Included Columns

Included columns in vector indexes facilitate faster searches with attribute filters by incorporating non-vector columns within a Neighbor Partition Vector Index.

Consider a classic example where you are analyzing the home price data. You want only the top 10 homes from your description where the price is less than 2 million dollars and/or from the specific zip code. Or to a finer granularity, you just need to retrieve only the top home that matches the description and your filter attribute. Included columns make this possible by incorporating filterable attributes, such as price and zip code, directly into the vector index. This integration allows the index to evaluate and return results based on both the vector similarity and the attribute filters, without requiring additional steps to cross-reference the base table.
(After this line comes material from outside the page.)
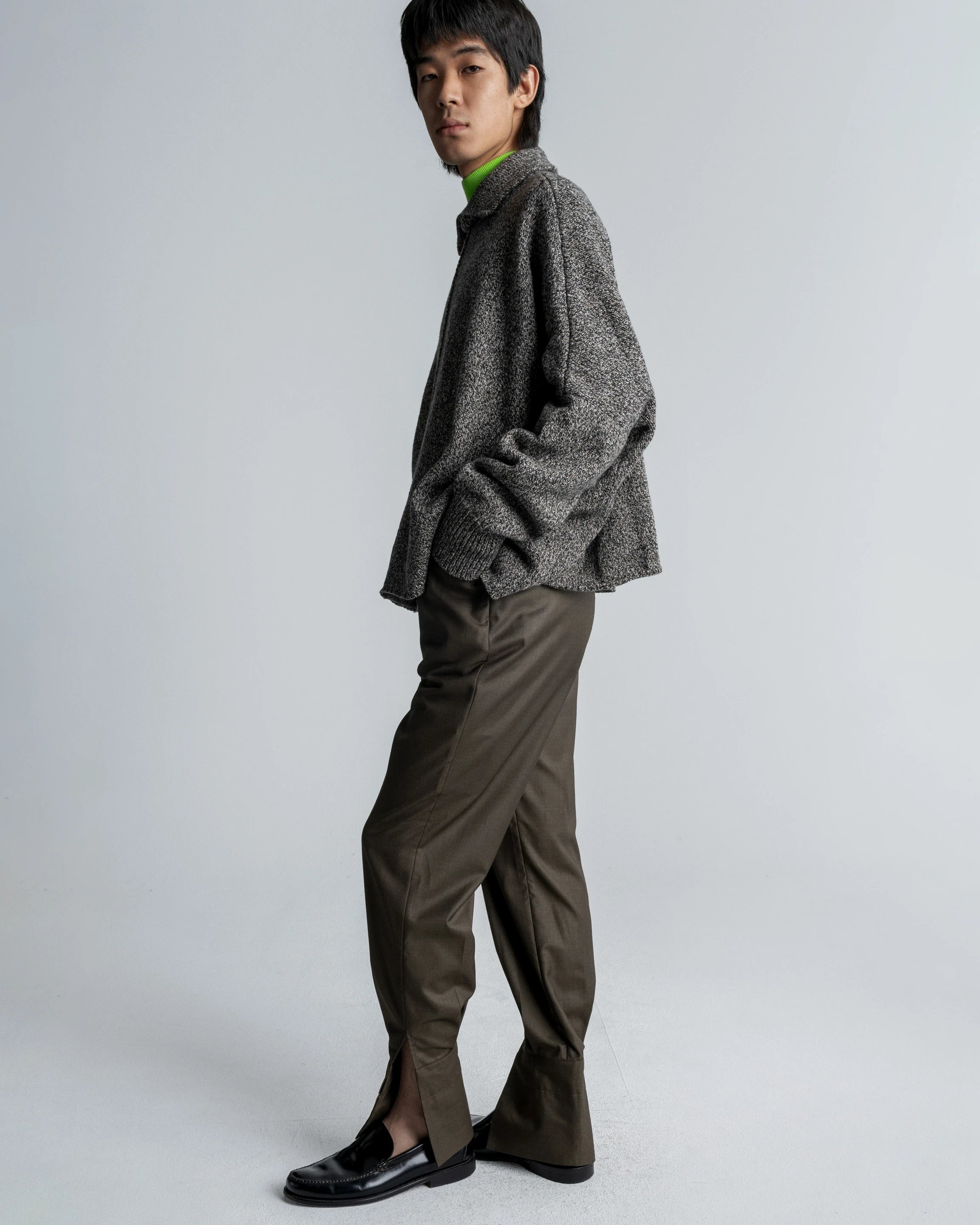 SQUARE JUMPER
By bridging the gap between traditional database filters and AI-powered vector searches, included columns deliver faster, more efficient results. This synergy enhances search performance, especially in use cases requiring fine-grained filtering alongside advanced similarity computations.

Syntax and Specifications

Create a base table, which contains the sales data for all products sold in the current year:
create table houses(id number, zip_code number, price number, 
description clob, data_vector vector);
Then, you can create an IVF index with included column on price as follows:
create vector index vidx_ivf on houses(data_vector) include (price) 
organization neighbor partitions with target accuracy 95 
distance EUCLIDEAN parameters(type IVF, neighbor partitions 2);

The above syntax creates a vector index VIDX_IVF with organization as NEIGHBOR PARTITIONS on the DATA_VECTOR column where the PRICE column is an included column. The INCLUDE keyword allows a user to specify the attributes they wish to include in the IVF index.

Note:

Included columns does not work with partition local indexes.
Recall that the IVF index has two auxiliary tables : Centroids table - IVF_FLAT_CENTROIDS and the Centroid Partitions table - IVF_FLAT_CENTROID_PARTITIONS. The following code block describes the Centroid Partitions table without the included columns:
  Name					   Null?    Type
 ----------------------------------------- -------- ----------------------------
 BASE_TABLE_ROWID			   NOT NULL ROWID
 CENTROID_ID				   NOT NULL NUMBER
 DATA_VECTOR					    VECTOR(384, FLOAT32, DENSE)
--------------------------------------------------------------------------------
The list of included columns are augmented in the IVF_FLAT_CENTROID_PARTITIONS table of IVF index. The BASE_TABLE_ROWID column can be thought of as an implicit included column. The following table describes the IVF_FLAT_CENTROID_PARTITIONS table with the included column augmented as the last row. In this case, the price.
 Name					   Null?    Type
 ----------------------------------------- -------- ----------------------------
 BASE_TABLE_ROWID			   NOT NULL ROWID
 CENTROID_ID				   NOT NULL NUMBER
 DATA_VECTOR					    VECTOR(384, FLOAT32, DENSE)
 PRICE						    NUMBER
--------------------------------------------------------------------------------

DML operations on the base table also maintain the included columns. Updating any row on the base table for the included columns will all also update the centroid partitions for the IVF index.

Note:

Restrictions on INCLUDE :

The INCLUDE list can contain:​

  • Limited to a maximum of 31 columns - Oracle indexes support 32 key columns.
  • Supports only the following data types : NUMBER, CHAR, VARCHAR2, DATE, TIMESTAMP, RAW, and JSON (limited).
  • JSON columns are limited to a maximum of 32k and this needs to be specified in the DDL.. So, when you are creating a table, you have to explicitly include the limit field. A sample example is shown below:
    CREATE TABLE json_vector_data(id NUMBER,json_data JSON (limit 32000),vector_data vector);
  • Does not support NLS types, reference-based LOB types (BLOB, CLOB etc.,) or LONG types.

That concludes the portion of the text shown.